A different approach by some states was to introduce mitigating and aggravating factors when determining sentencing where, in 1976, the Supreme Court ultimately approved. The Supreme Court also held that the death penalty itself was once again constitutional under the Eighth Amendment allowing states a new dawn for a better society.
On January 17, 1977, the suspension of the death penalty officially ended with the execution of Gary Gilmore in Utah, by firing squad, and that same year the introduction and use of the new kinder gentler lethal injection was administered by Oklahoma. In 1977, after the Supreme Court reinstated the death penalty, over 65% of U.S. citizens were in favored of it.
Since the reinstatement of the death penalty the Supreme Court has further defined the Eighth Amendment’s relationship to the death Penalty. In the same year it was reinstated the Courts ruled that it was deemed to harsh for instances of kidnapping, rape, being mentally incompetent and juveniles younger that 15. However it was determined in Stanford v. Kentucky that the constitution does not prohibit the death penalty for 16-year olds who commit murder.
Since 1977 our state has focused every effort to save your taxpaying money and kept Texans protected from paying a state sales tax. Unlike other states we’ve done this by managing inmate total cost and making executions cost effective as possible with renowned success. We’ve even managed to redirect that extra money towards repairing our roads and funding school programs for our kids. You! The Texas taxpayer, paid an average of 43% lower cost than the other states to house inmates and less than one-hundred dollars to rid the state of each of its worst offenders.
My fellow Texans, I know the death penalty is a very touchy subject to a few of you and the views of individuals who either favor or oppose the action are coupled with not only moral values and ethical beliefs, but are as personally diverse emotionally regarding race, abortion, religion and if McCain or Obama should be the next president. The most popular alternative of death penalty opponents is life in prison with no possibility of parole and the additional penalty of restitution compensation to victim’s families. Unfortunately, there is no effect of this swaying proponents of the death penalty nor is there any substantial evidence of its effectiveness to reduce the number murders committed nationwide.
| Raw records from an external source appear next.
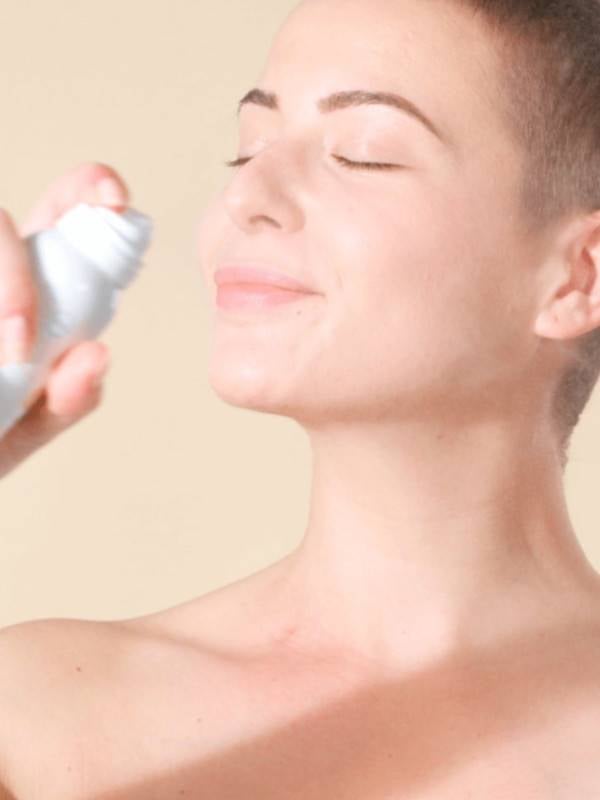 Pflegespray MÊME: 100% natürlicher alkalischer Nebel, parfümfrei, zum Beruhigen und Schützen empfindlicher Haut (Strahlentherapi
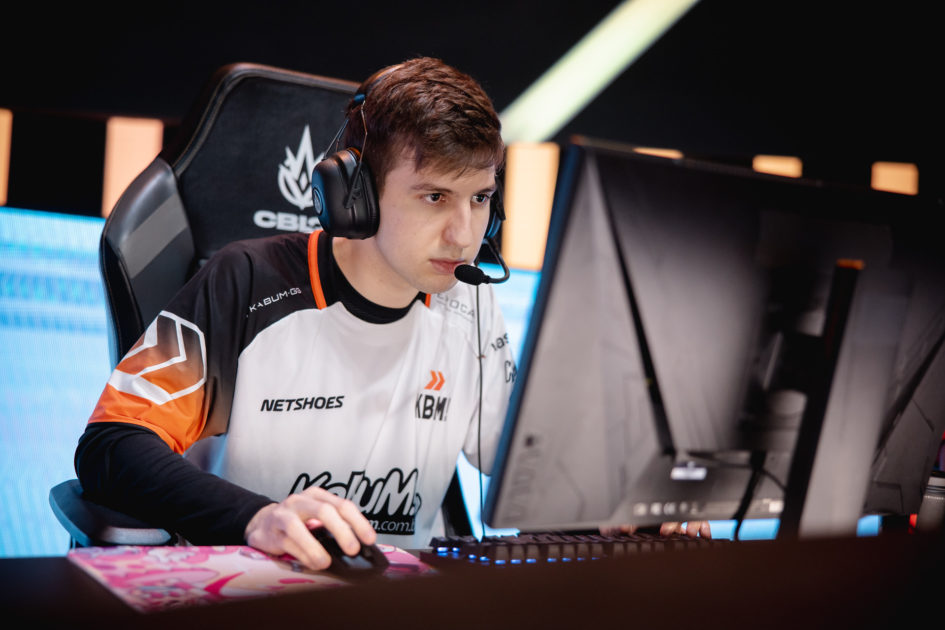 Foto de Scuro representando a KaBum! Esports.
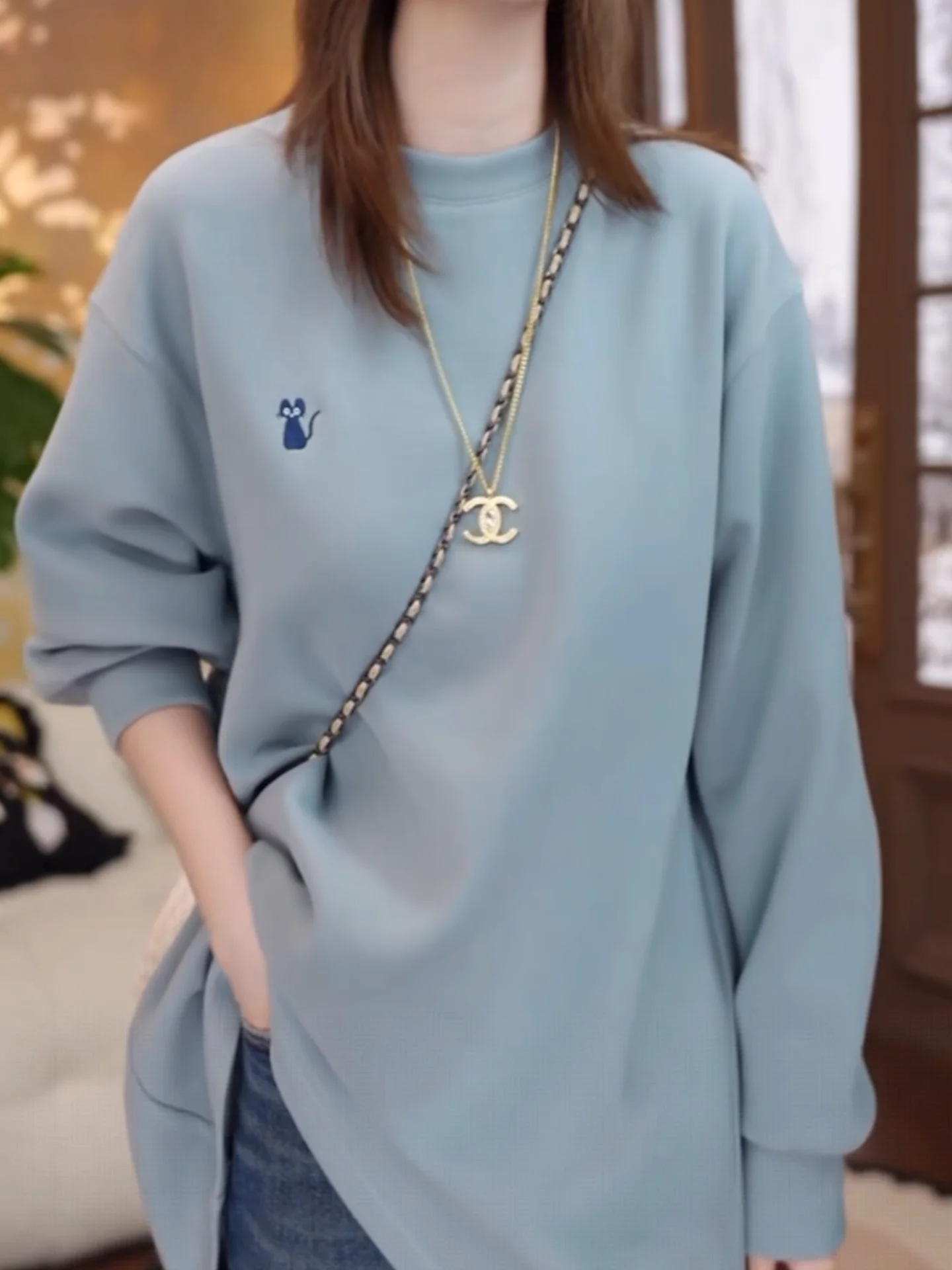 

Свободный длинный свитшот Sve, женский повседневный круглый топ средней длины премиум-класса, простой удобный топ премиум-класса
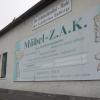 Der Gebrauchtmöbelmarkt, Möbel Z.A.K., in Hofheim. Dem Projekt der Abfallwirtschaft fehlt Personal. Deswegen ist der Möbelmarkt bereits seit Mitte Oktober 2022 geschlossen.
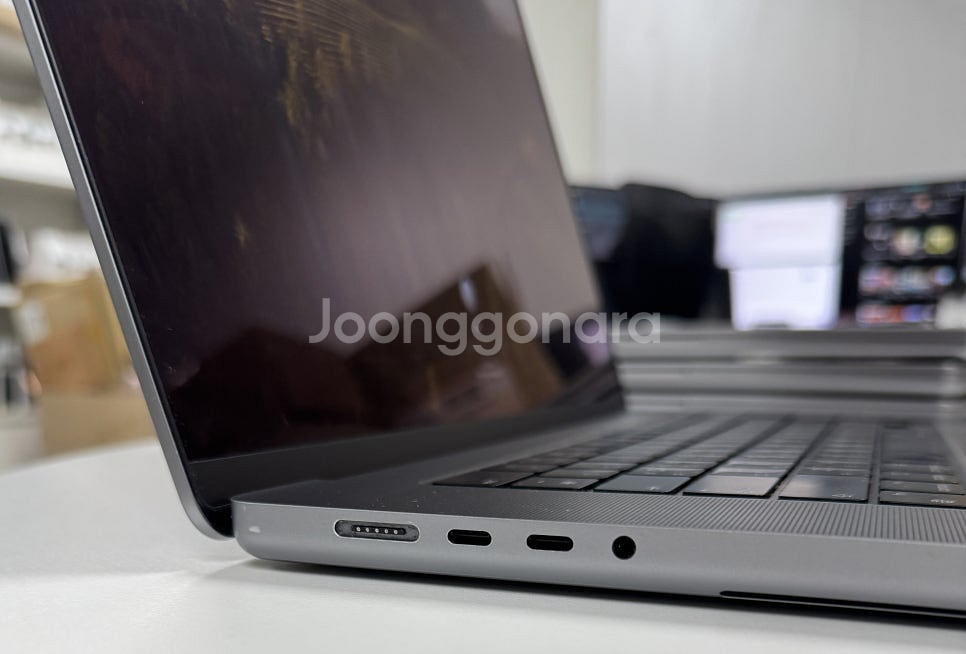 [애플]맥북프로 2021 16인치 M1/32GB/512...--3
Currently, over 65% of the U.S. is in favor of the death penalty. In our great state of Texas we have become a kinder gentler state where we, Texans, have implemented the use of lethal injection as means of execution. We started this in 1977, used it for the first time in 1982 and continue to use it to this day. I have two promises for you my friends. My first promise to you and my personal guarantee is that we will keep capital punishment as it is and continue to reevaluate its effectiveness and use; continually reviewing its pros and cons. If a majority of Texans agree that there are better restorative justice methods or positive retribution alternatives we will change our stance to how we administer capital punishment. My second promise and guarantee is for as long as the death penalty is still practiced, the malevolent and immoral death row inmates who make it to execution will never hurt you, your family, your friends or your children ever again. Death row inmates are fulfilling the appropriate punishment handed down to them by our Texas due process of law. Only God is left for them to answer to in their final judgment.
My fellow Texans, I hope ya’ll stick around to enjoy the free lunch sponsored by Chili’s and remember to vote for me for reelection. Thank you.